In a recent interview with Time magazine, Guillén apparently expressed his admiration for Fidel Castro. Google “Guillen Castro” for more stories on the subject than you can shake a stick at. Suffice it to say that this is a large problem for the Marlins, which exist in the midst of a city populated largely by Cuban refugees and their descendants. Guillén apologized in a press conference yesterday (4/10), blaming internal translation issues (he claims that he was thinking in Spanish and trying to speak in English, and didn’t say what he really meant) for his blunder. The question now becomes, “Will the Miami community accept his apology?”
Today on the Mike Lupica radio show, Don La Greca suggested that there are some people who won’t forgive Guillén, whatever the quality of his apology. In other words, no amount of contrition will be enough. He likened the reluctance to forgive to the class of people who, no matter what, can’t forgive Michael Vick for what he did to dogs. When I heard his comment, my first thought was, “How can you possibly compare one man’s verbal support of an unpopular (albeit a really unpopular) politician to another man’s murder of animals? One is just a spoken thought, while the other is a nefarious action!”
And then I remembered the worst verse in the Bible.
Matthew 5:22: ”But I say to you that every one who is angry with his brother shall be liable to judgment; whoever insults his brother shall be liable to the council, and whoever says, `You fool!’ shall be liable to the hell of fire.”

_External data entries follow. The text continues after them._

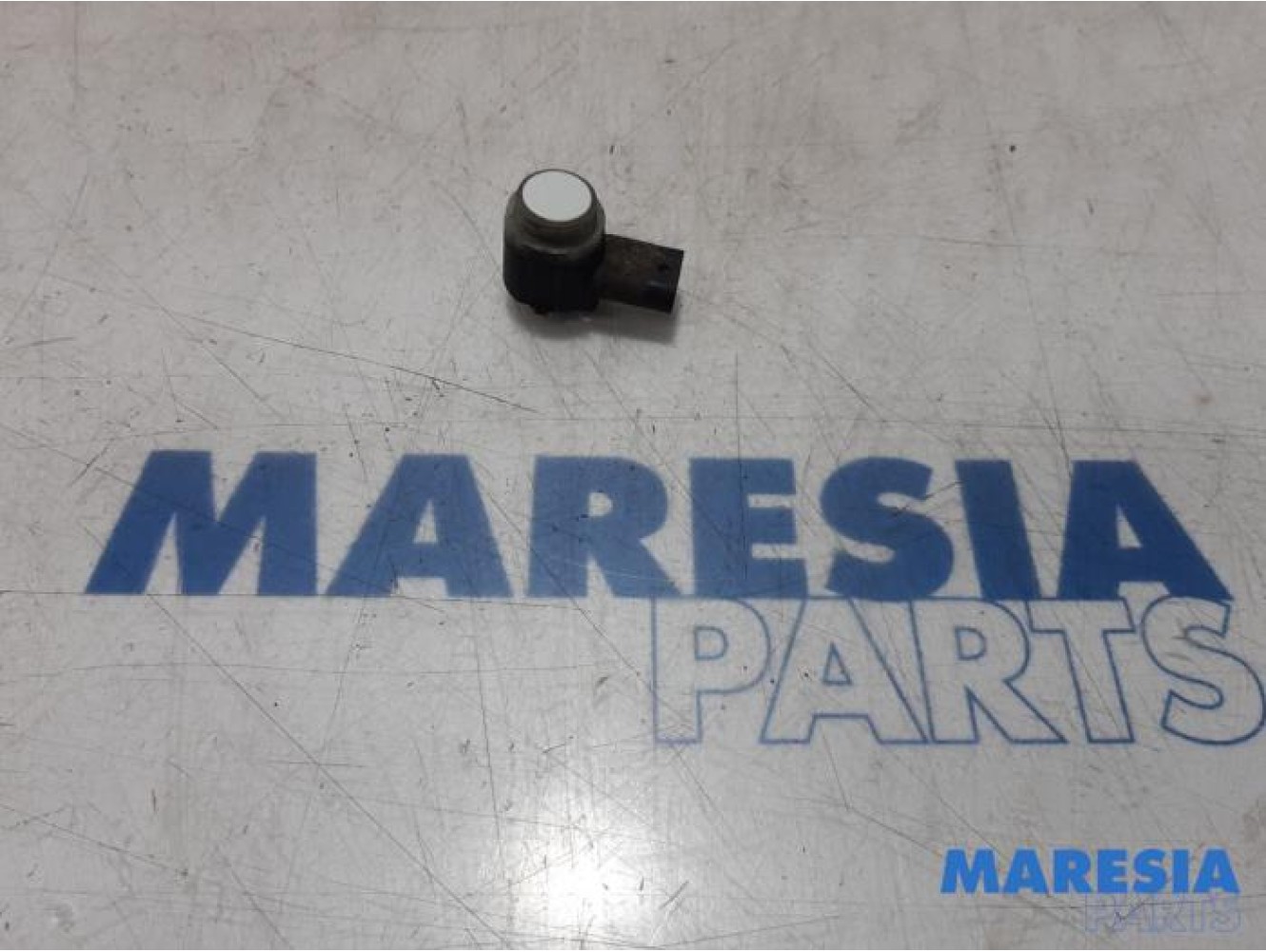 Fiat - Punto - PDC Sensor
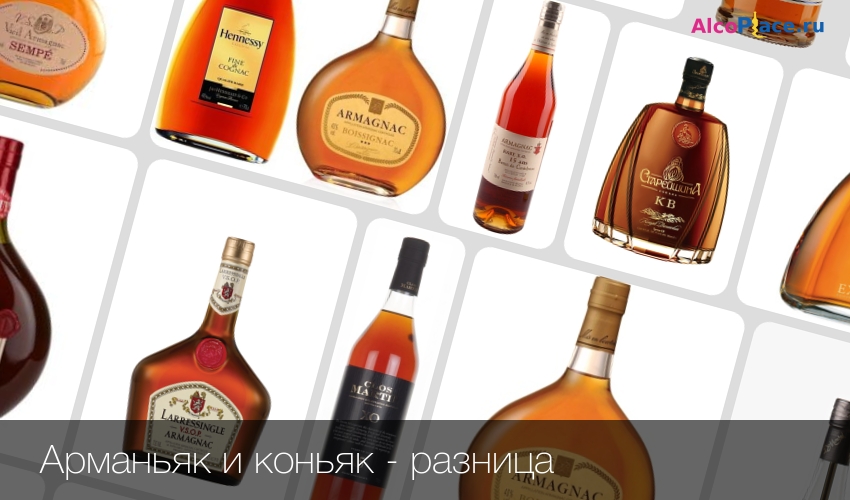 Разница между арманьяком и коньяком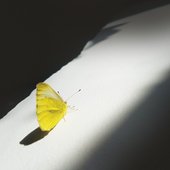 Trespassing Light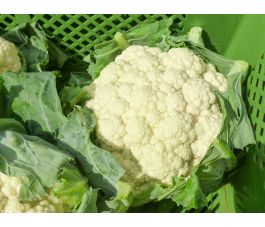 Chou-fleur - Amabile - BIO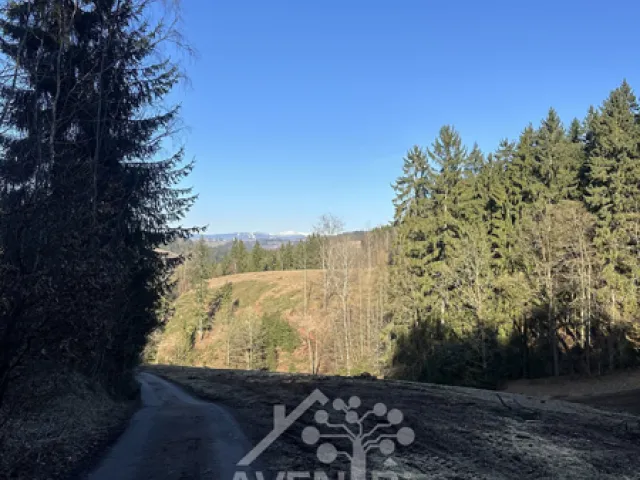 Prodej louky 15029 m²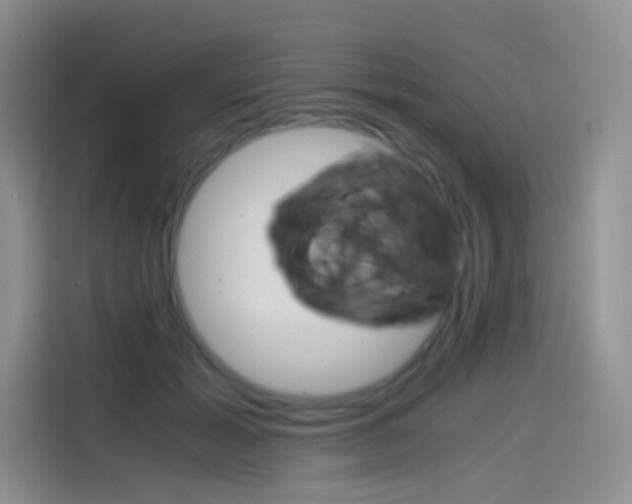 X0000114430605200910161033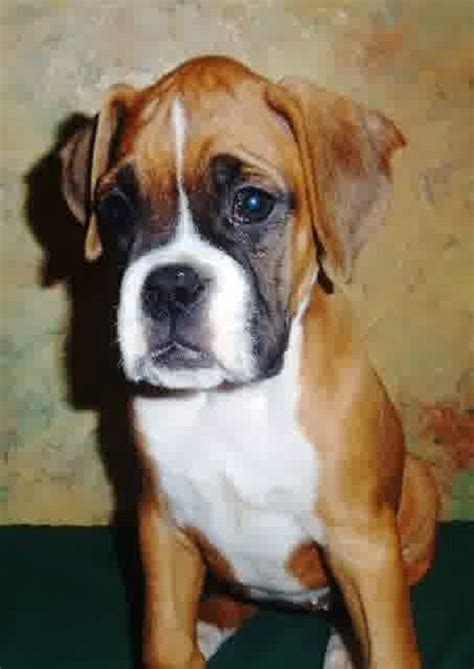 We have a outstanding litter of boxer pups. boxer puppies for sale in wisconsin | Cute Puppies | Boxer ...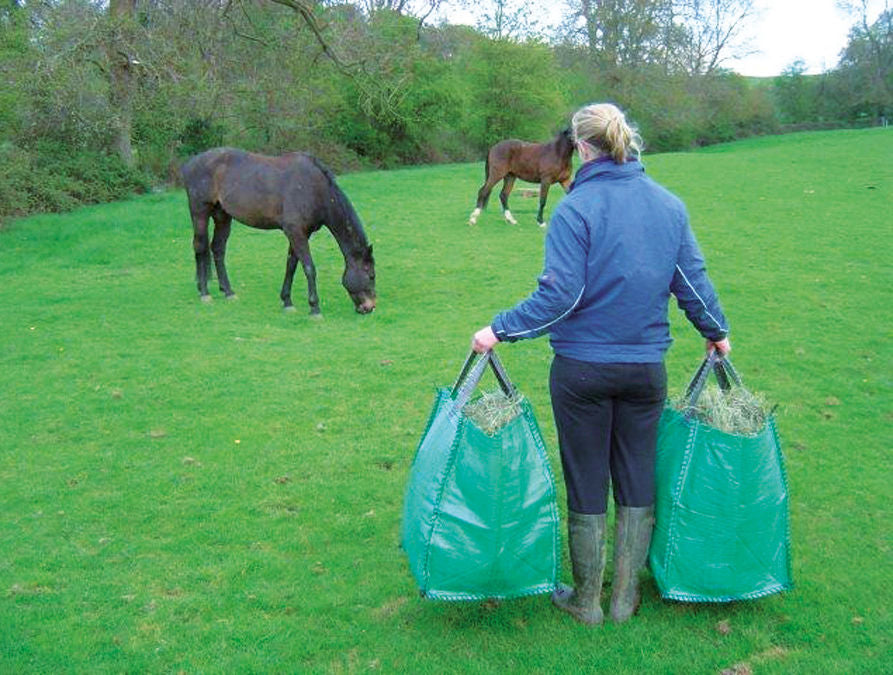 Sac de transport GoBag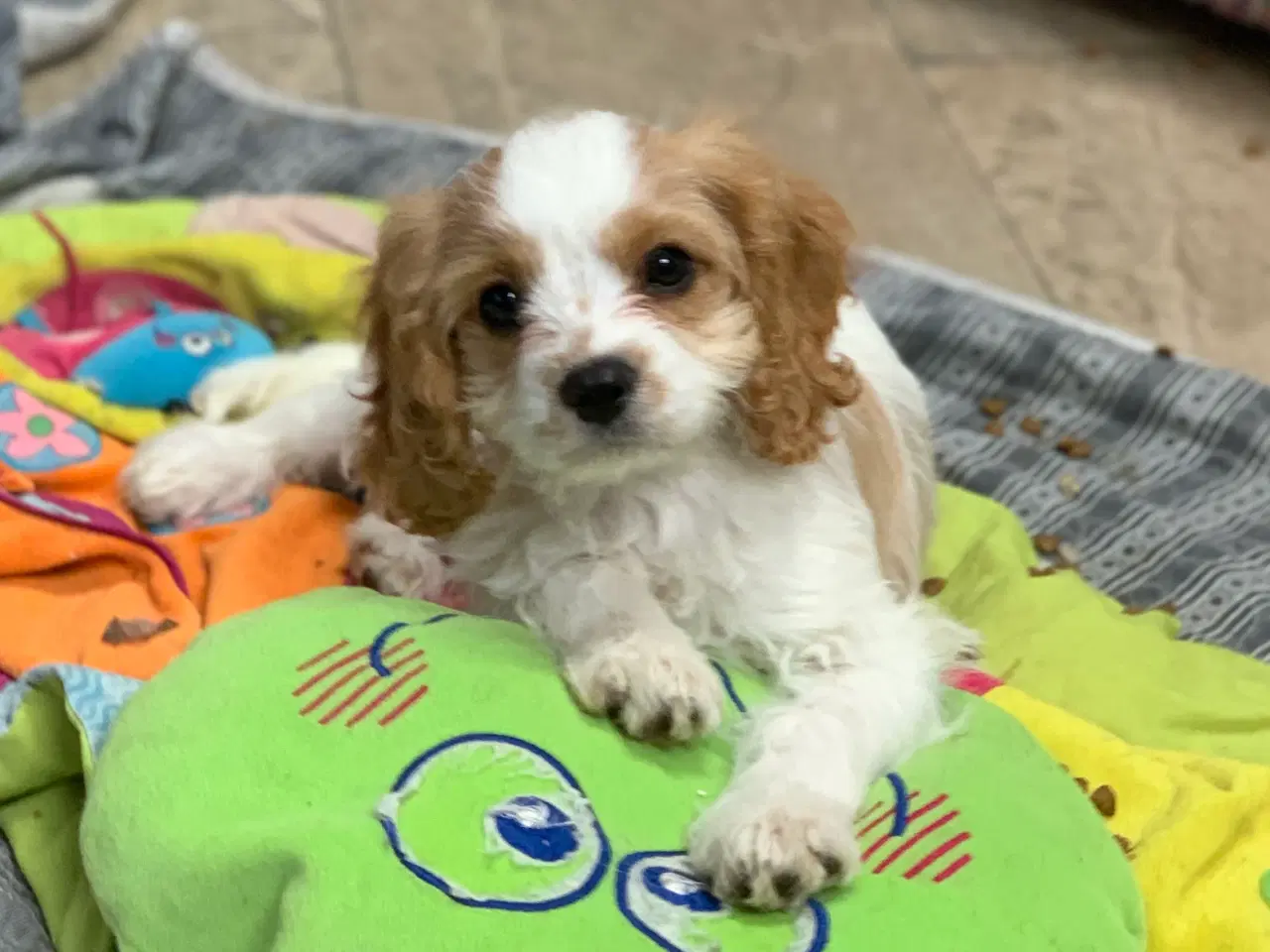 Billede 15 - Den yndigste cavapoo dreng er rejseklar 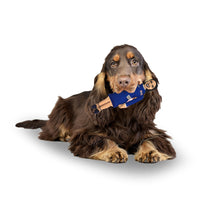 The Squad Includes AOC IIlhan Rashida & Ayanna Pressley Tough Plush Dog Chew Toys with Squeakers - Official Republican Dogs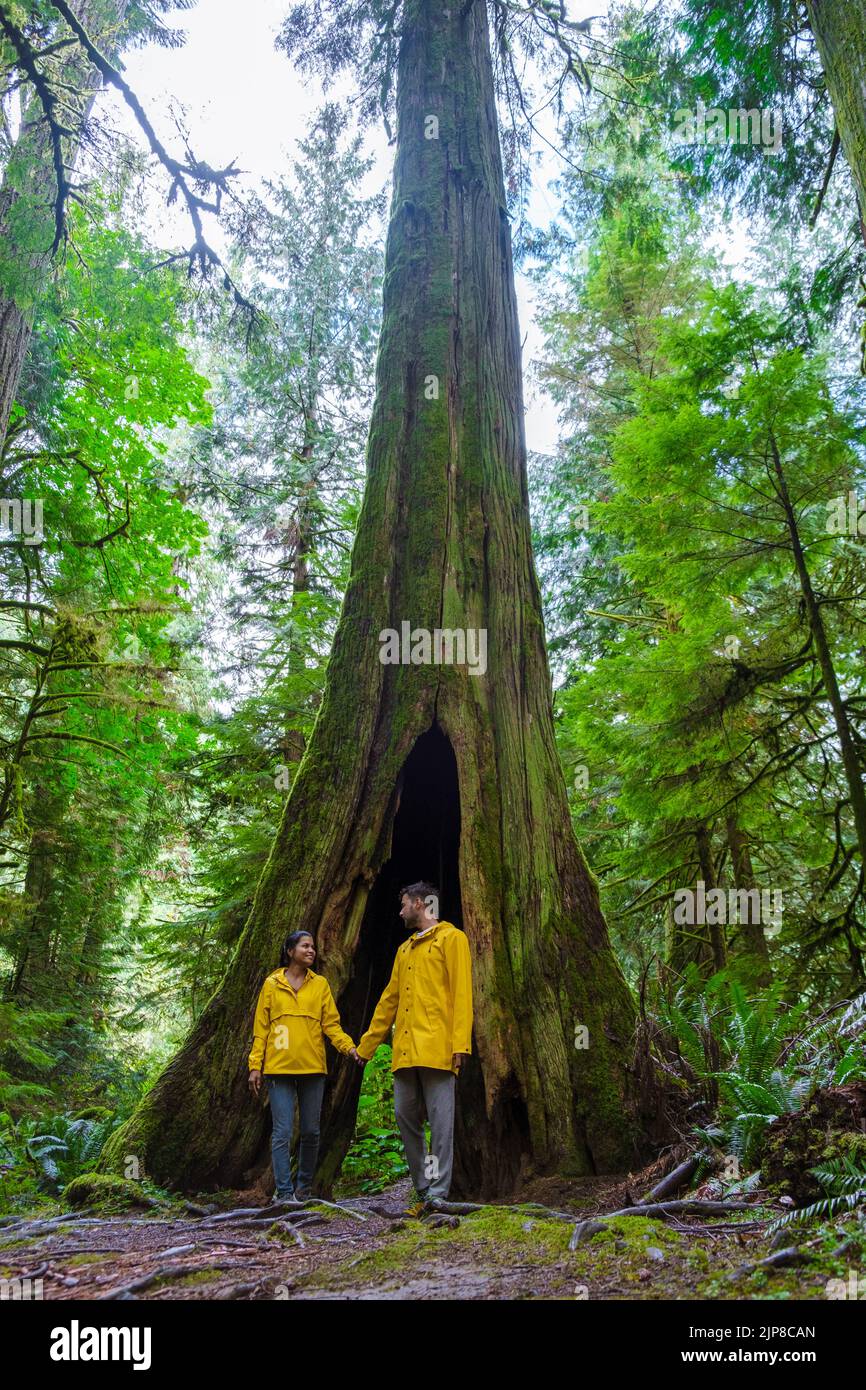 Cathedral Grove park Vancouver Island Canada forest with huge Douglas trees and people in a yellow rain jacket, and raincoats. Vancouver Island is a rainforest with huge woods. Stock Photo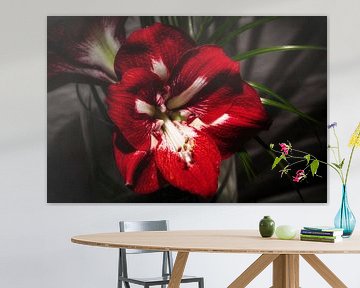 Amaryllis sur Rob Boon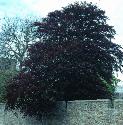 copperbeechffor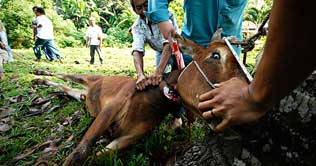 2nd day of Eid: Sacrifices of animals continue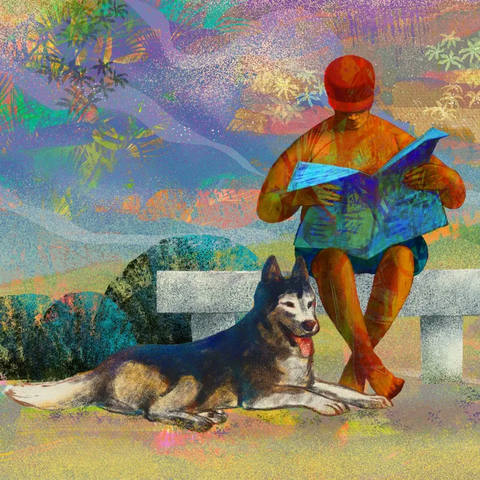 Domingo no Parque com Pet IV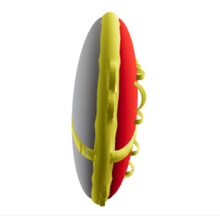Load image into Gallery viewer, Waterblob Wave Whirl Ski Tube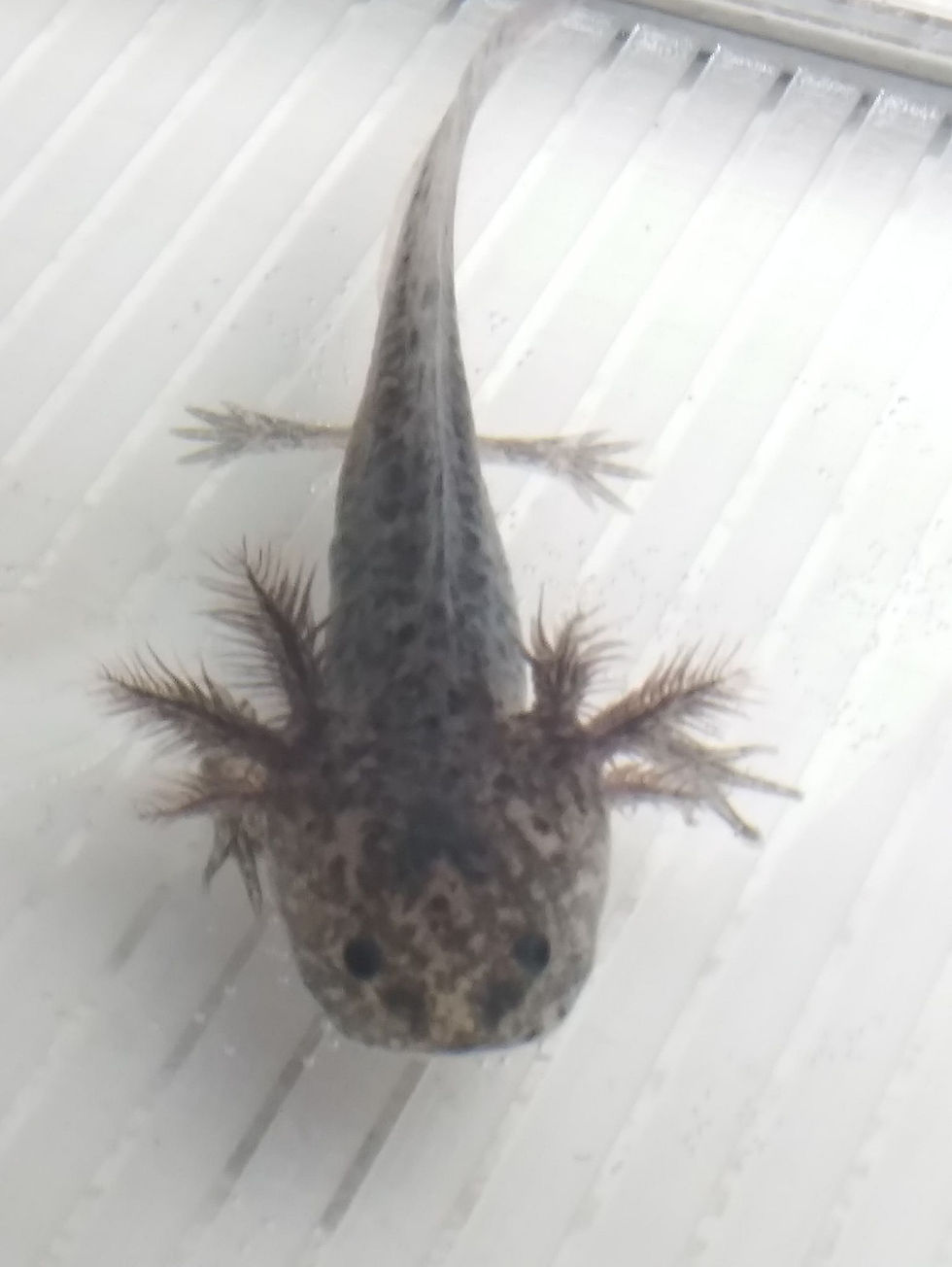 Thumbnail: Saggitariutt Jefferspin (3" Axanthic)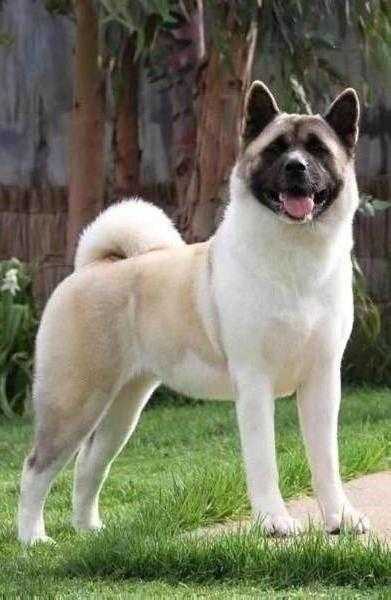 Regalia's Dressed To Kill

This worst verse in the Bible follows Jesus reminding the people of the law that they’re familiar with: “You have heard it said, ‘Thou shalt not kill.’” The fact that a spoken thought, either “You fool!” or “I love Fidel Castro,” carries the same punishment as an outward act is, as Keith Olbermann might say, the worst thing in the world. If you extrapolate a little further, and use Jesus’ injunction against lust as an example, the thought alone is enough. This just could not be more crushing. It levels the playing field…totally. This is what prompts Paul to claim that no one is righteous…not even one. The fact that the bad news is so bad (Can you imagine? The audacity to require that our thoughts be pure and holy?) means that the Good News better be great. Luckily, it is:
One of the criminals who hung there hurled insults at Jesus: “Aren’t you the Messiah? Save yourself and us!” But the other criminal rebuked him. “Don’t you fear God,” he said, “since you are under the same sentence? We are punished justly, for we are getting what our deeds deserve. But this man has done nothing wrong.” Then he said, “Jesus, remember me when you come into your kingdom.” Jesus answered him, “Truly I tell you, today you will be with me in paradise” (Luke 23:39-43).